Mass. General, woman's daughter at loggerheads

Massachusetts General Hospital renewed its effort to withdraw life support from an elderly woman who has been hospitalized with Lou Gehrig's disease for more than five years, despite objections from her daughter.

Barbara Howe has been on a breathing ventilator since 1997. She cannot eat, speak, or indicate when she's suffering, except to grimace occasionally. Mass. General doctors and a hospital end-of-life committee that evaluates difficult cases believe Howe is suffering and would not want to be kept alive in her current condition.

But Howe's daughter, Carol Howe Carvitt, who is also her mother's healthcare proxy, believes her mother would want to be kept alive, and that she still can see out of one eye and appreciate visitors. The Globe wrote about the disagreement in a September 2003 story.
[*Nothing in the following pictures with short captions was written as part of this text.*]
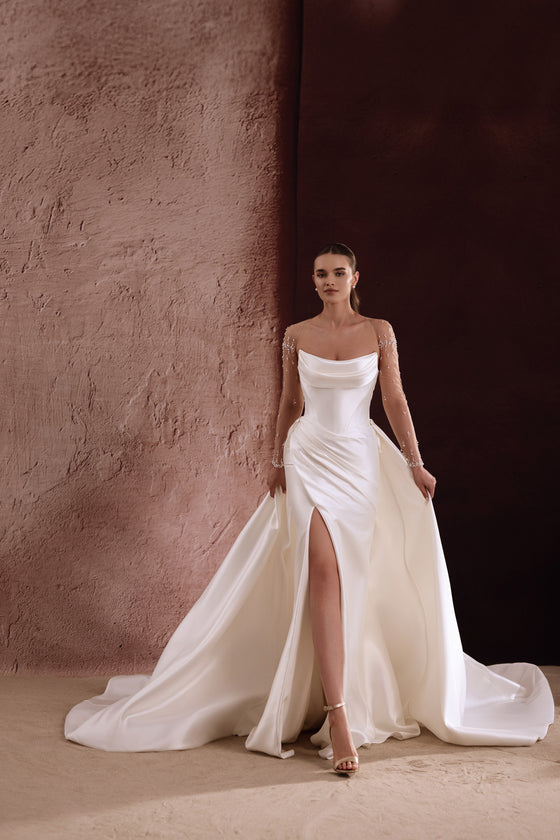 L’abito da sposa Aylin in raso, con spacco fino alla coscia e linea a sirena aderente, unisce glamour contemporaneo e grazia classica.
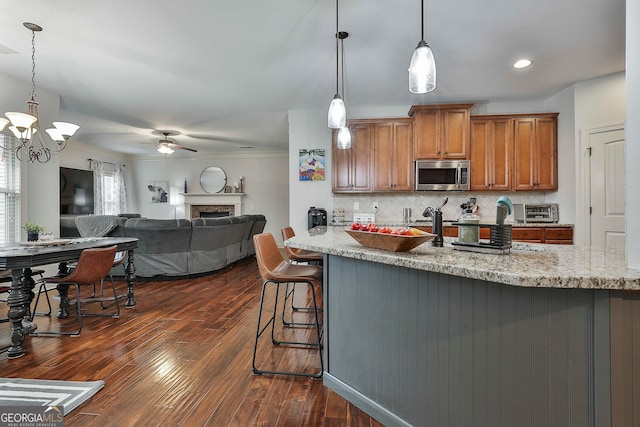 kitchen with light stone counters, tasteful backsplash, a breakfast bar area, dark wood-type flooring, and pendant lighting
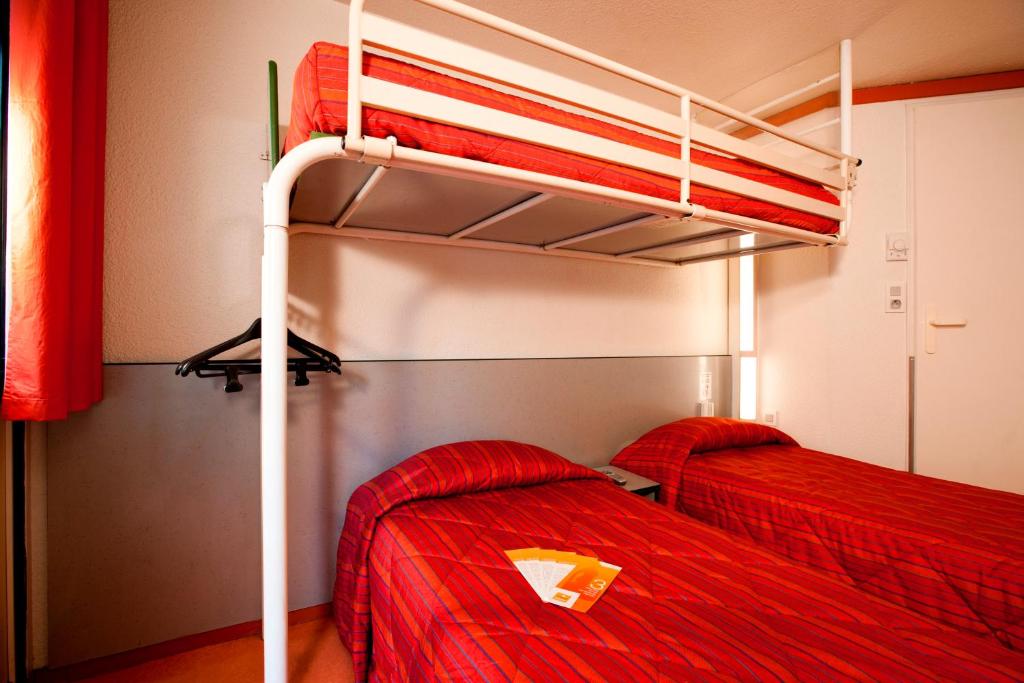 two bunk beds in a room with red sheets at Premiere Classe Epinal in Épinal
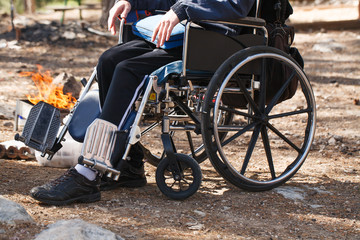 Obraz premium Man in a wheelchair in a park near the fire.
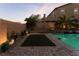 Relaxing backyard with putting green, pool, and decorative landscaping at 8853 Sherborne Gate Ave, Las Vegas, NV 89148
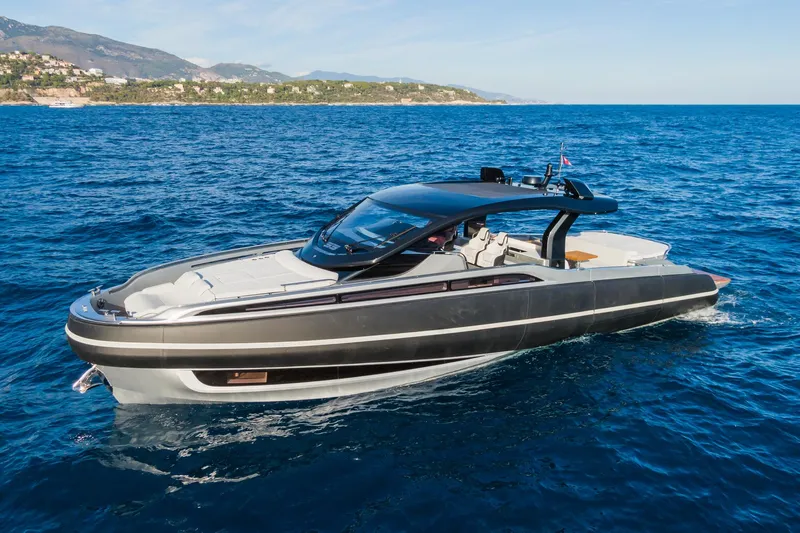 Ciao L Yacht Photos Pics 2022 SACS Rebel 55 luxury yacht cruising on blue ocean waters.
Mass. General took the rare step of going to court to try to overturn Carvitt's wishes as her mother's healthcare proxy, a person the patient chooses to make healthcare decisions if he or she becomes unable to do so. In a decision in March, Probate and Family Court Judge John M. Smoot said Carvitt's wishes as her mother's healthcare proxy stand, and that the hospital could not disconnect the life support.

But he advised her to refocus not on determining what her mother would want but on what's in her best interest.

Now, Mass. General, based on a recent evaluation and recommendation from the hospital's end-of-life committee, has told Carvitt it plans to disconnect her mother's life support as soon as Feb. 23.

Dr. Britain Nicholson, Mass. General's chief medical officer, said confidentiality rules prohibited him from discussing in detail why the hospital is again trying to disconnect Howe's life support. But he said her "condition has continued to deteriorate."

"Both sides are trying to do the right thing here, but there are different views about what is the right thing," he said. "So, unfortunately, we're going to have to go the legal route again. We understand how difficult the situation is for the family, and we're trying to support them through this process."

Carvitt said she felt devastated and angry that the hospital, in her view, is violating the court judgment.

"She's still alert; she still has her left eye; she still opens her eye and looks at me; and you can just see the glow in her face," Carvitt said.

Nicholson said the hospital does not believe it needs to return to court to have the order overturned, partly because Carvitt's attorney, Gary Zalkin, this month asked for a temporary restraining order to stop Mass. General from disconnecting the life support, and the court said no. Zalkin said that occurred before the hospital's decision was official and that he's evaluating how to proceed, but believes it's Mass. General's responsibility to ask permission from the court.